Man Group, which is based in London and also acts as a futures broker, was added to Merrill's ``Europe 1'' list by analysts Philip Middleton and Nathan Wong in a note to clients today. They have a ``buy'' recommendation on the stock, which has fallen 6 percent this week as news emerged that Refco's chief executive officer hid unpaid debts.

``It appears as if the goings-on at Refco lie at the root of Man's recent weakness,'' the Merrill analysts wrote. ``In our view, this is a very poor reason to sell Man, as there is no linkage at all.''

Shares of Man Group today rose as much as 36 pence, or 2.4 percent, to 1,545 pence, headed for the stock's biggest percentage gain since Aug. 10. The shares were at 1,543 pence as of 12:20 p.m. in London. Merrill's price target for Man is 2,200 pence.

Man Group executives had been considering whether to spin off its brokerage unit into a separate business, encouraged by the stock market listing of Refco earlier this year.

``The board hasn't taken a decision on this,'' Man's CEO, Stanley Fink, said on Sept. 30, when the group announced its second- quarter earnings. ``We are committed to reviewing the structure of our business. We saw the incredible success of Refco.''

Refco Plunge

Refco this week has lost customers and its stock market value has plummeted 72 percent after Refco CEO and Chairman Phillip R. Bennett, who took the company public two months ago, resigned and was arrested on charges of securities fraud after an internal review found he hid $430 million in unpaid debts dating back to 1998.

Refco stock plunged to $7.90 a share yesterday, from $28.56 at the end of last week. The company yesterday blocked client withdrawals from Refco Capital Markets Ltd., a currency-trading unit. Its regulated futures brokerage, Refco LLC, is unaffected and was said by the New York Mercantile Exchange yesterday to be ``in good standing'' for its oil-trading obligations.

``Man group's brokerage business competes with Refco's brokerage business but has limited overlap with its Capital Markets business, which is focused on the area of foreign exchange and Treasury repos,'' a note from Credit Suisse First Boston analysts said today.

Separate Investigation

In a separate matter more than a week before Refco's disclosure, court documents showed Man Group's U.S. brokerage unit, Man Financial Inc., helped a now-defunct trading firm hide $175 million in losses before regulators froze the accounts because of fraud claims

A special trading account was set up by Man Financial for Paul Eustace, founder of hedge fund Philadelphia Alternative Asset Management Ltd., or PAAM, to absorb losses, according to papers filed in federal court on Sept. 27 by a court-appointed receiver, Clark Hodgson.

Neither the account nor the losses were disclosed to investors, the papers said.
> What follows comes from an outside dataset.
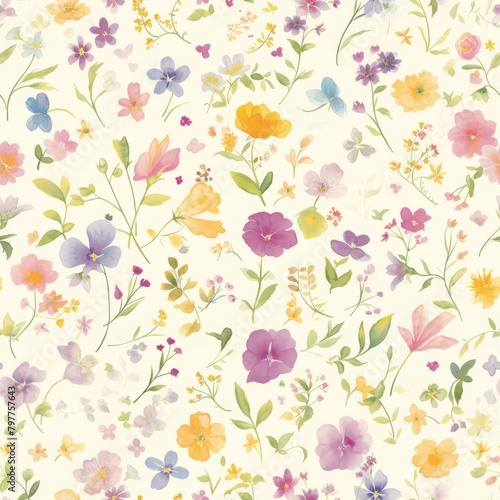 Wallpaper Mural Serene Watercolor Succulent Garden Pattern for Tranquil Design Vintage Floral Elegance: Timeless Garden Illustration. Design for background, graphic design, print, poster, interior, packaging paper Torontodigital.ca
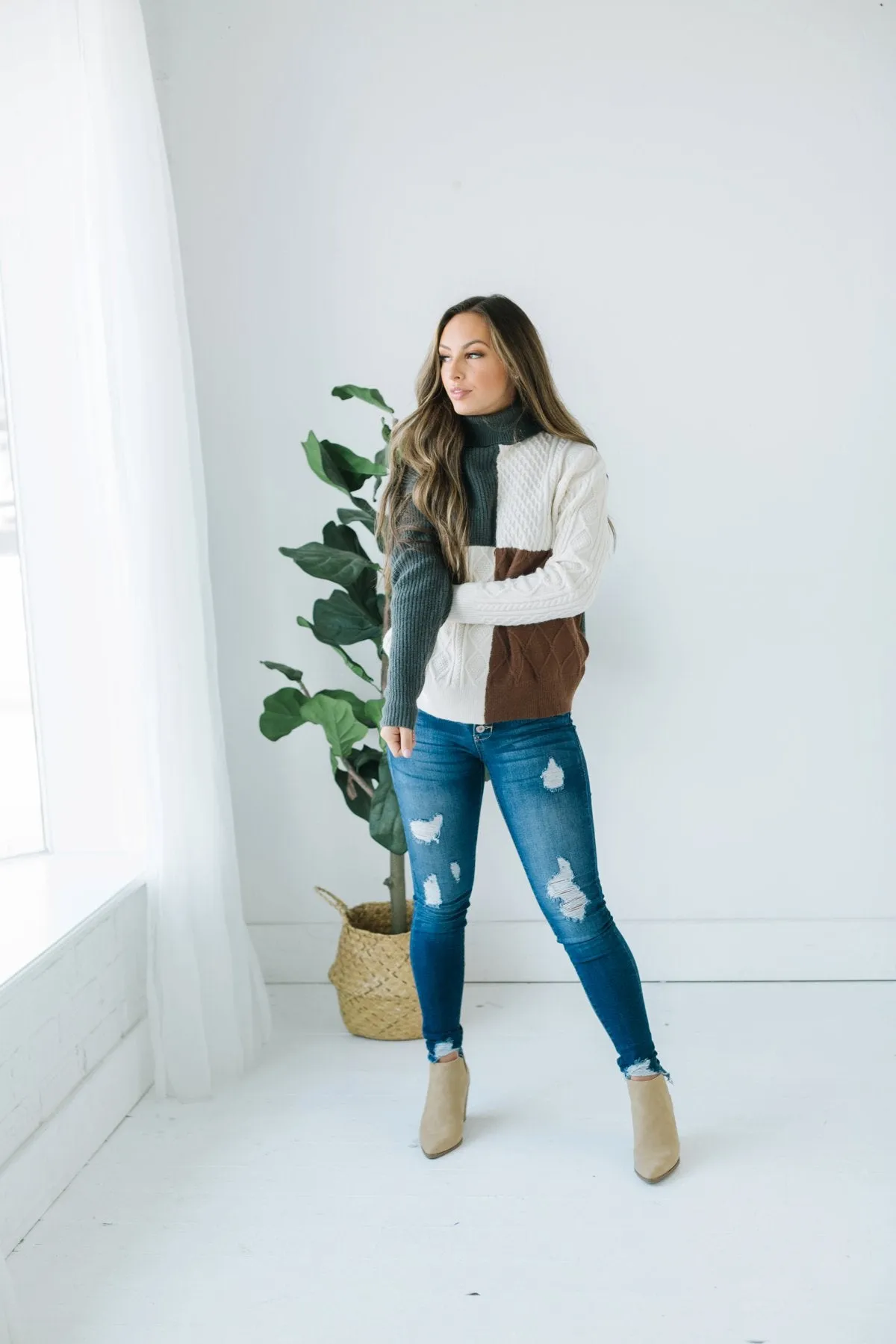 Cable Knit Colorblock Sweater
Hodgson is seeking a contempt of court order against Chicago-based Man Financial.

The U.S. Securities and Exchange Commission is conducting an ``informal inquiry'' into PAAM, which processed its trades through Man Financial Inc., Man Group said Oct. 7 in a statement. ``We have an excellent record of regulatory engagement and compliance, and will cooperate fully with the SEC in connection with this review.''

No Accusation

The Merrill Lynch report said Man is one of a number of brokers that dealt with PAAM and that, to date, it has not been accused of anything by a regulator.

Even so, ``the PAAM saga cannot logically be actively good for Man's share price, because the best outcome for them is that Man Financial is exonerated, in which case its value is exactly what it was before,'' the Merrill note said.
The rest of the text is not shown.